### The input
-- Opening Marker --
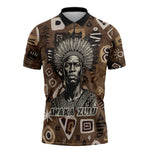 Shaka Zulu Zipper Polo Shirt Monochrome Portrait Zulu Kingdom Heritage Unconquered Spirit Warrior Legacy Theme - African Pride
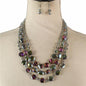 Crystal Beads 3 Layerd Necklace Set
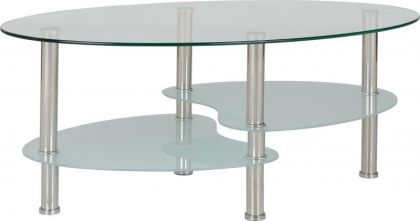 Cara Coffee Table - Clear Glass / Frosted Glass / Silver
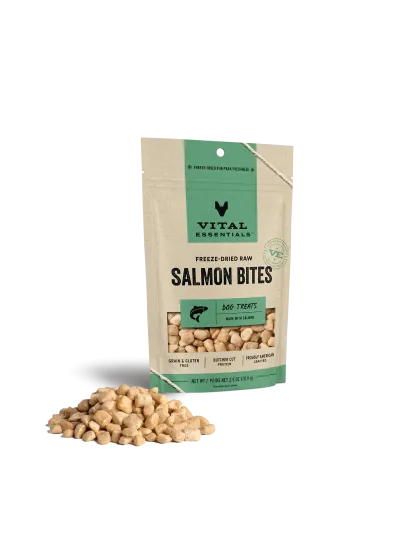 Vital Essentials Dog Freeze-Dried Treat Bites Salmon 2.5oz.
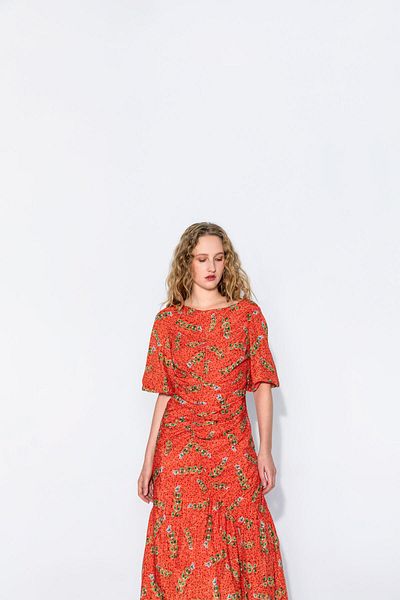 KAMEYA 24S40428 Model Leaf Patterned Gathered Dress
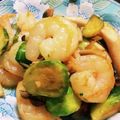 ppua's cooksnap of when they made *芽キャベツと海老のガーリック炒め*.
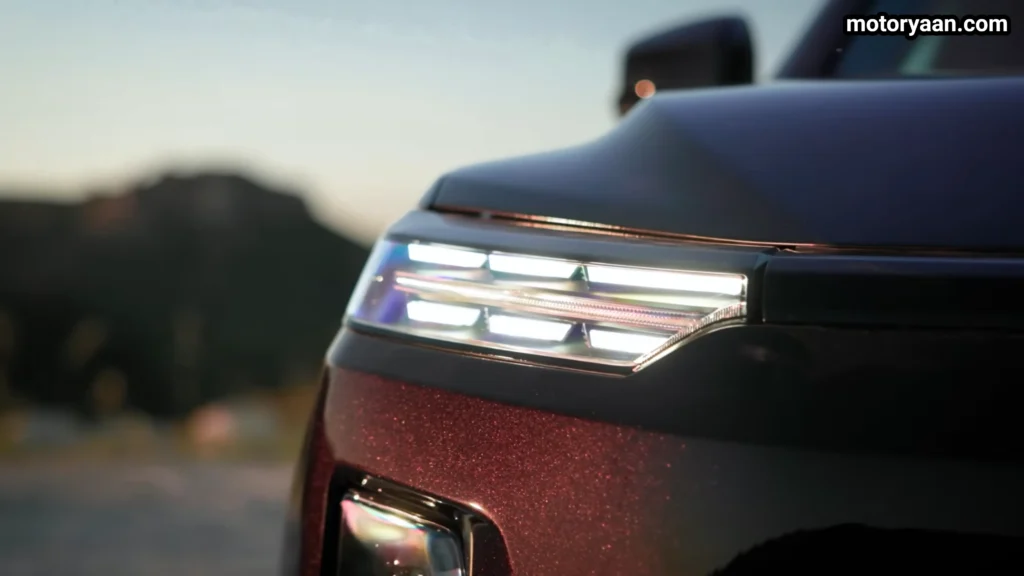 2027 Subaru Getaway Touring LED headlight close up with six point design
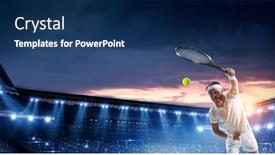  Presentation with tennis - Presentation design featuring professional-tennis-player-mixed-media background and a ocean colored foreground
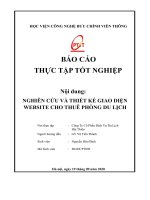 Báo cáo thực tập tốt nghiệp: Nghiên cứu và thiết kế Web cho thuê phòng du lịch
-- Closing Marker --
### Instructions for the task
Repeat the listing word for word, but without its pictures.

### Your solution
 Shaka Zulu Zipper Polo Shirt Monochrome Portrait Zulu Kingdom Heritage Unconquered Spirit Warrior Legacy Theme - African Pride
 Crystal Beads 3 Layerd Necklace Set
 Cara Coffee Table - Clear Glass / Frosted Glass / Silver
 Vital Essentials Dog Freeze-Dried Treat Bites Salmon 2.5oz.
 KAMEYA 24S40428 Model Leaf Patterned Gathered Dress
 ppua's cooksnap of when they made *芽キャベツと海老のガーリック炒め*.
 2027 Subaru Getaway Touring LED headlight close up with six point design
  Presentation with tennis - Presentation design featuring professional-tennis-player-mixed-media background and a ocean colored foreground
 Báo cáo thực tập tốt nghiệp: Nghiên cứu và thiết kế Web cho thuê phòng du lịch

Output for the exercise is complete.